Ingredients / Re: Spices for Winter Warmer - boil or steep?
« on: October 26, 2013, 06:00:44 PM »
I concur with the change in spice flavor with heating. However, is the boil the place to do it to the degree you desire?  I've heard of chefs that pan roast some spices before cooking to help release or refine their flavors. Maybe some pan heating is needed?

Ingredients / Re: Spices for Winter Warmer - boil or steep?
« on: October 26, 2013, 08:19:20 AM »
Is there ever a reason to subject your spice additions to boiling?  I don't know one.  If you want more contact time with the spices, it seems that adding spices at flameout with an extended stand in the kettle following the boil would be best.  Am I incorrect?

Kegging and Bottling / Re: Dip tube
« on: October 26, 2013, 07:50:35 AM »
You must have been doing something wrong!  I use a dremel cut-off wheel to shorten all my dip tubes. It's maybe a 30 second operation.
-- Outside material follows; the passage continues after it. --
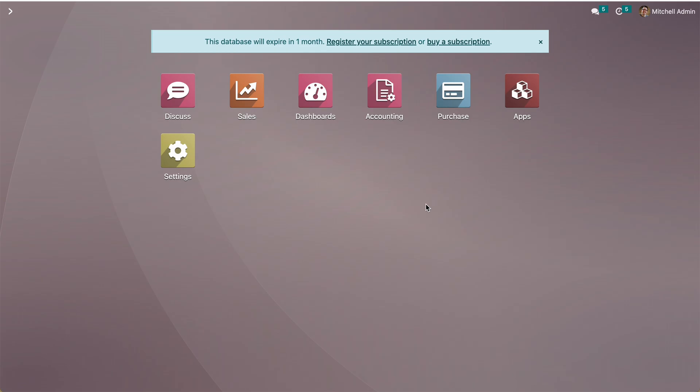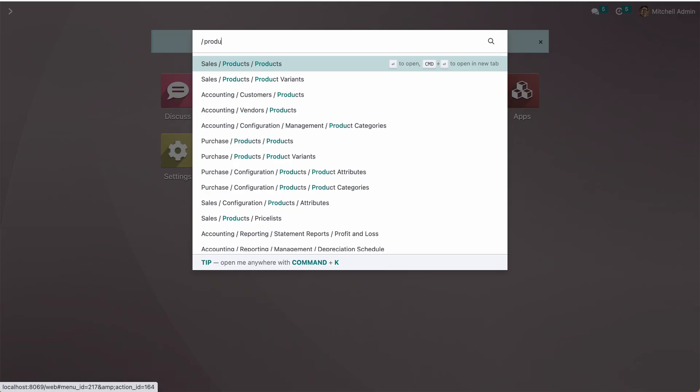Hello friends, today we'll see how we can get product images from Google and set them. For that, we need some configuration on the Google site, but before doing that, let's go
I have vacillated on the need to cut dip tubes, but have finally realized that I don't really lose any beer with a cut tube. I'm just leaving more yeast at the bottom of the keg. By only cutting a half inch off, the loss is minor and the potential for pulling yeast up with a pour is reduced.

On another note, one of my clubmates (ajk on this list) has been experimenting with epoxy mixing tube inserts in his kegs to get more headloss in the serving line. This allows better pours while having higher carbonation pressure. He strips the casings off of the mixing tubes and inserts the squiggly inerds into the keg's dip tube. He says he can get up to 3 inserts into the dip tube and it does work.

Yeast and Fermentation / Re: Belle Saison Dry Yeast
« on: October 22, 2013, 05:16:20 PM »
I concur with Red's assessment.  I used it in a 1.069 Saison that fermented to 0.998.  The initial week was spent at 70F and then I ultimately brought it to 80F to finish.  There are peppery phenols, but this yeast doesn't seem to produce the earthy character that you get with a Dupont yeast.  Some of my fellow clubmates agreed that this yeast would probably make a very nice Belgian Pale Ale.